Mohammad Azeem hailing from Sidhra Chowk Jammu, is a national cricketer for visually impaired from J&K a left-handed batsman and wicketkeeper. These are just examples but the number of such brave para sports persons is now very encouraging. Amir Rouf, a deaf and mute athlete from Srinagar took part in various sports activities including Taekwondo , cricket, volleyball, chess Deaf and Mute IPL 2014 in Jalandhar (Punjab) among others. After getting trained from Kashmir’s famous Ski Resort Gulmarg, Amir represented India in the snow ski championship” Winter Deaflympics” held in Valtellina, Italy in 2019. In the championship, he bagged 30th position.
Hilal wani and Umar Ashraf Beigh dumb and deaf cricketer from district Anantnag and Kupwara prominent cricketers of the Valley and both have impressed the entire current JK cricketer with their batting skills. Nayeem Ahmad Malla and Feroz Ahmad Ganie, both physically disabled was selected for the International Indian cricket team to play the ODI series against Bangladesh in Dhaka.
The UN Convention on the Rights of Persons with Disabilities is the first legally binding international instrument to address the rights of persons with disabilities and sport. Article 30 of the Convention addresses both mainstream and disability-specific sport and stipulates that “States Parties shall take appropriate measures to encourage and promote the participation, to the fullest extent possible, of persons with disabilities in mainstream sporting activities at all levels”.
It also calls upon Governments, States party to the Convention, to ensure that persons with disabilities have access to sport and recreational venues — as spectators and as active participants. This also requires that children with disabilities be included in physical education within the school system “to the fullest extent possible” and enjoy equal access to “play, recreation and leisure and sporting activities”.
Participation in sport and physical activities has always been beneficial for the people with disability but in our educational institutions, they are generally offered very limited opportunities of participation in sport and physical activities. And probably, in many cases they do not have any chance of participation in sport and physical activities.
There must be formal guidelines to help coaches in their bid to train differently-abled persons and CWSNs at school and college level. Adequate funding is to be reserved in place so that para-athletes get access to the tools they need to boost their talent and bring more medals. Accessible playgrounds and sports grounds are need to become a mandate.
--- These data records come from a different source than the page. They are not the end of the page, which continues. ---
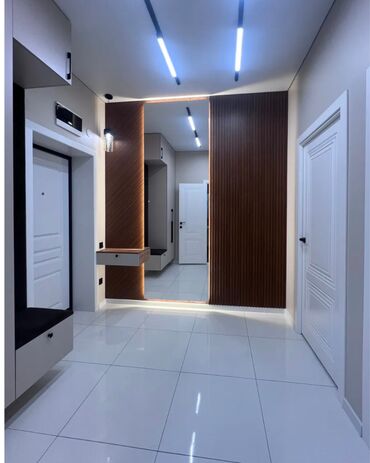 Продажа квартир: 1 комната, 46 м², Элитка, 8 этаж, Дизайнерский ремонт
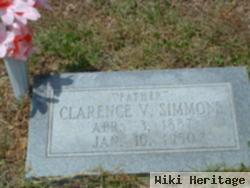 Clarence Victor Simmons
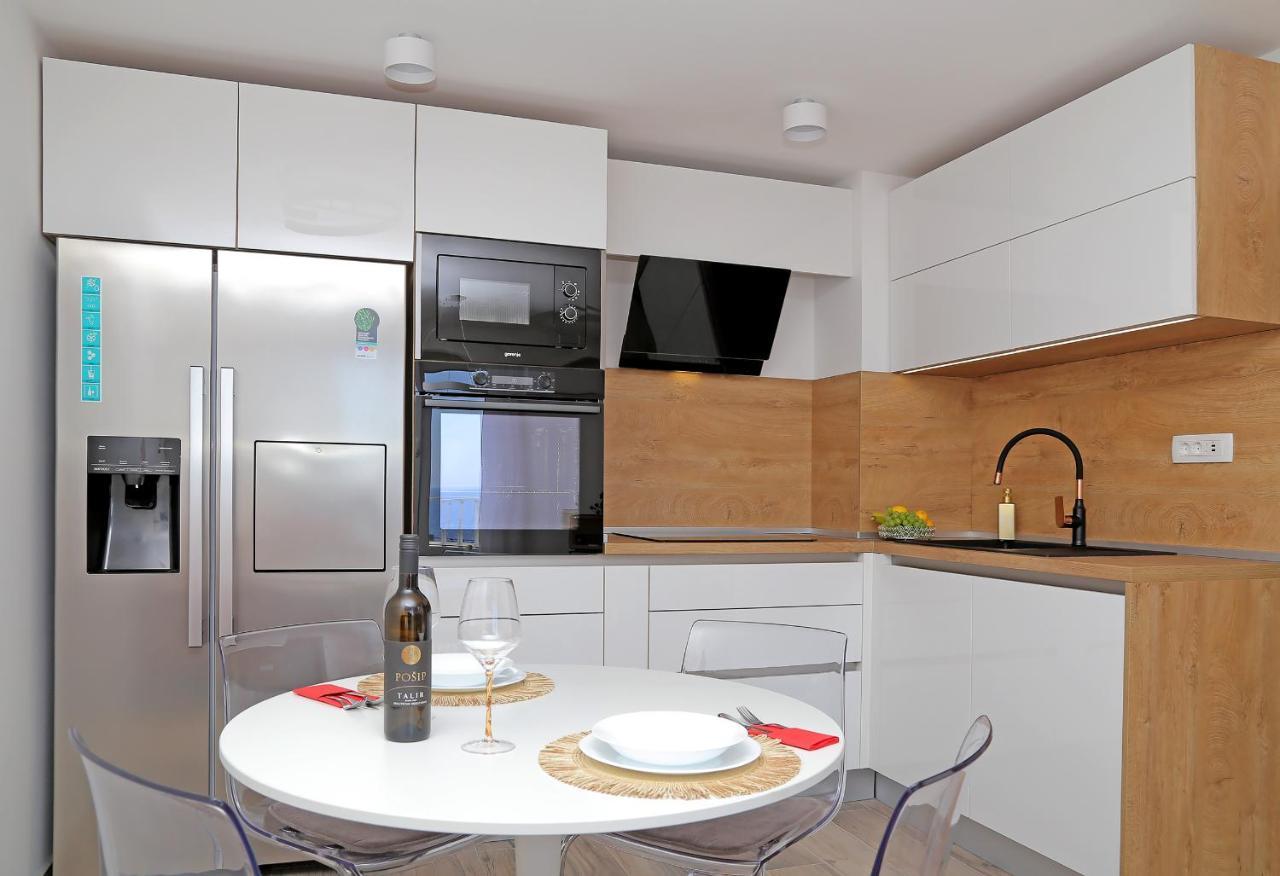 Blue Cliff Apartment Dubrovnik Eksteriør bilde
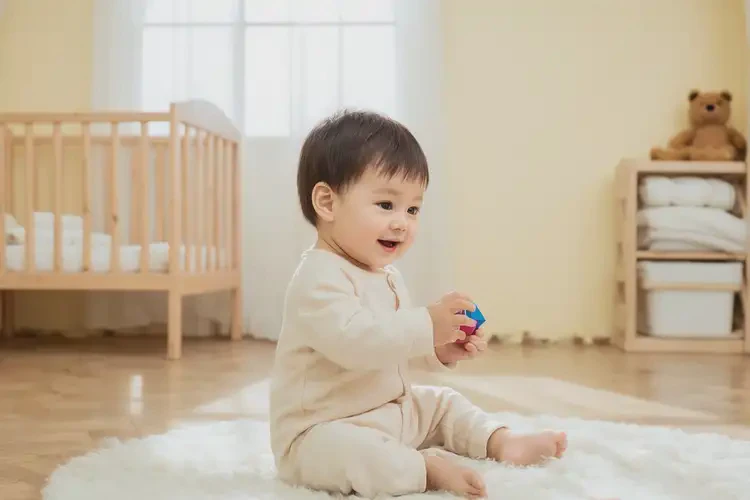 寶寶大腿上容易起濕疹能徹底自愈嗎(圖2)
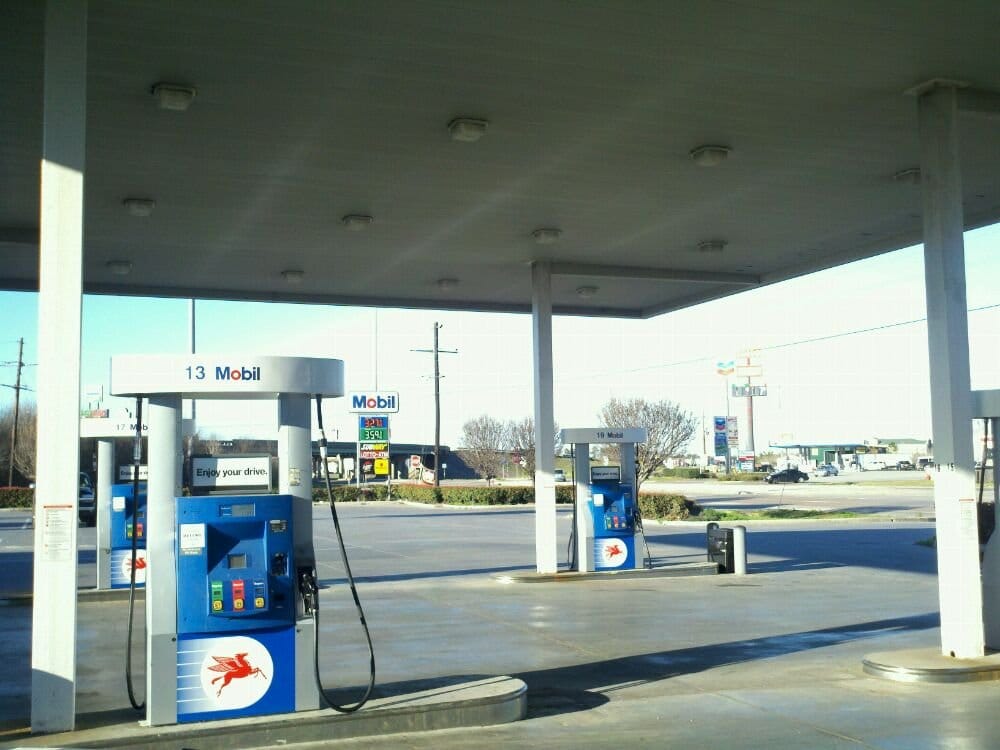 J P Truck Stop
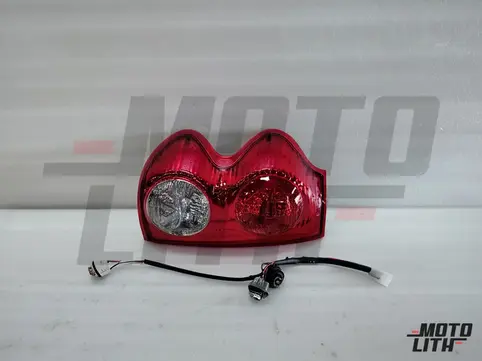 Rear Combination Lamp Left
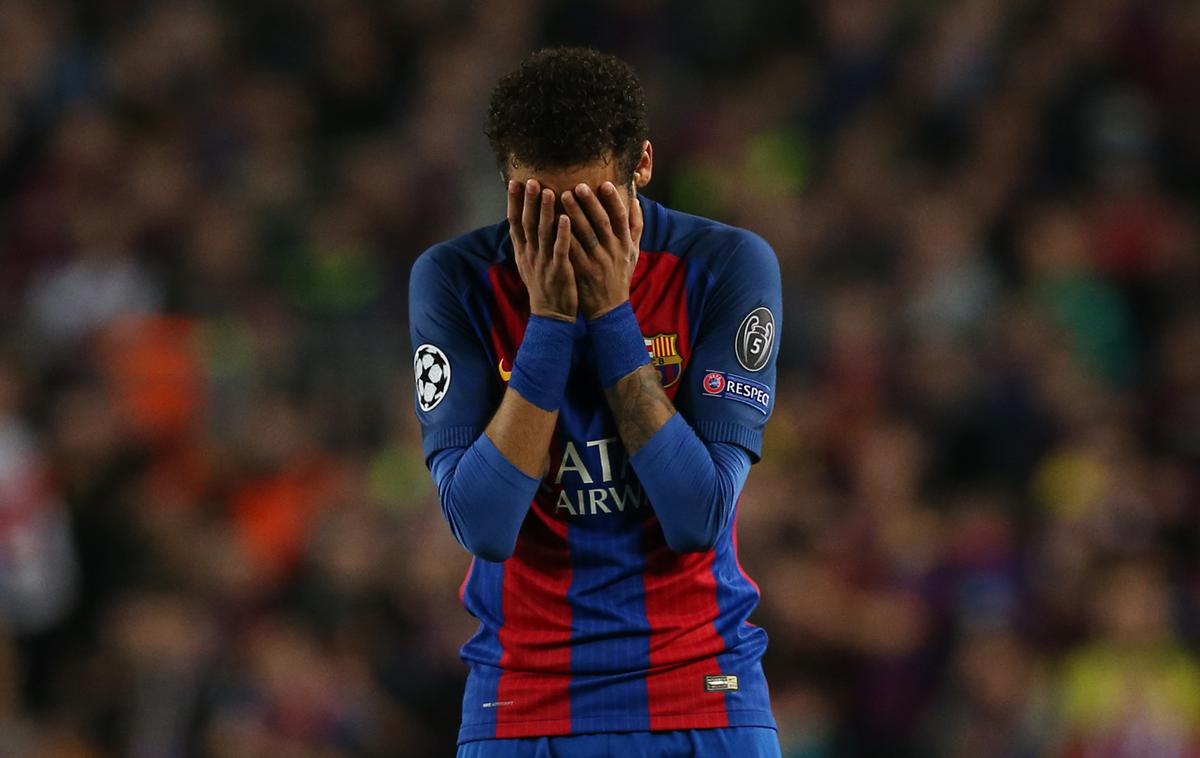 Neymar | Foto Reuters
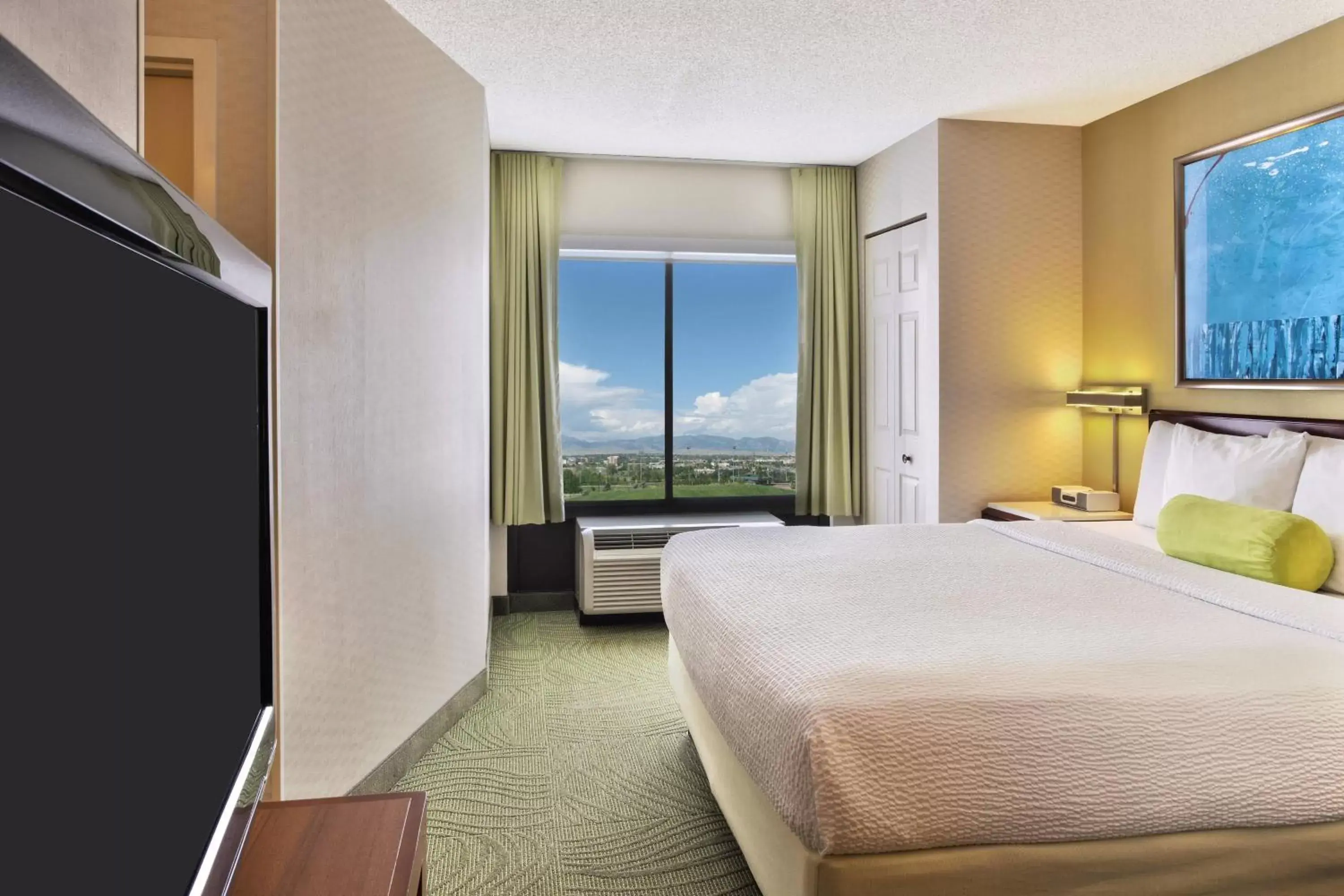 Photo of the whole room, Mountain View in SpringHill Suites Denver North / Westminster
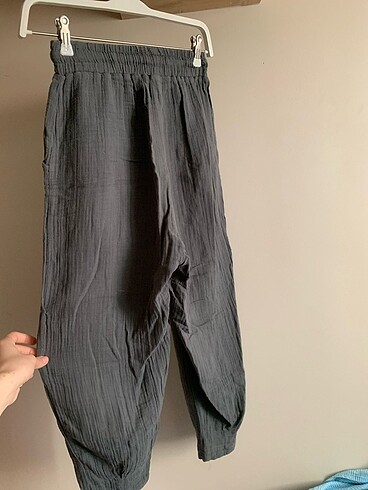 Diğer şile kumaşı pantolon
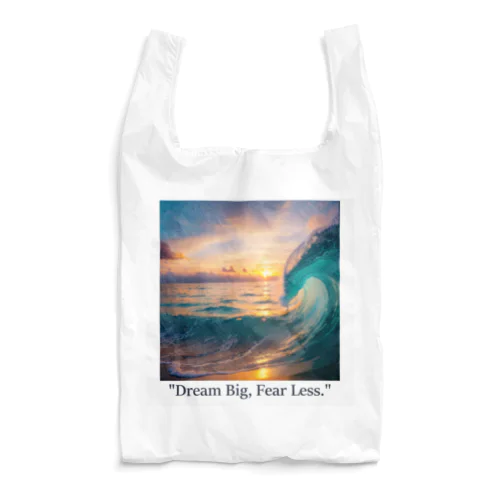 message.com Reusable Bag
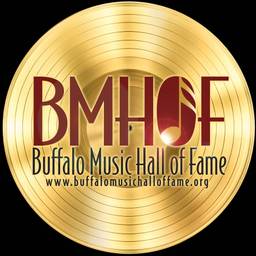 Buffalo Music Hall Of Fame logo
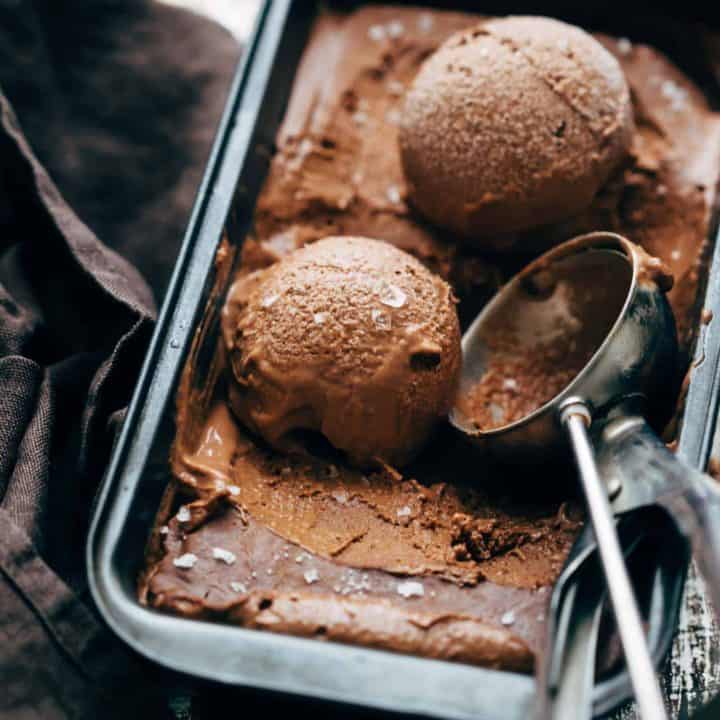 Image for Baileys Chocolate Ice Cream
Also, Sports and Physical Education teachers at the school level should be trained to impart coaching to physically challenged, sportspersons, CWSNs and youngsters.
The sporting culture for differently-abled persons is limited to few pockets of the country and needs to be taken to all corners of the Country. Recently, the Government of India has taken many initiatives such as the TOPS, Khelo India, Fit India, etc which has the potential to transform the sports landscape of India. The recent successes at the Para-Olympics, in commonwealth games and other world championships have been extremely encouraging. Parents and youngsters are increasingly looking at sports as a career in the country. Right now we are the inflection point of a vibrant sporting culture in India which is only to rise steeply given the support and ecosystem building done by the Indian Government with focus on persons with disabilities having a talent of sportpersonship.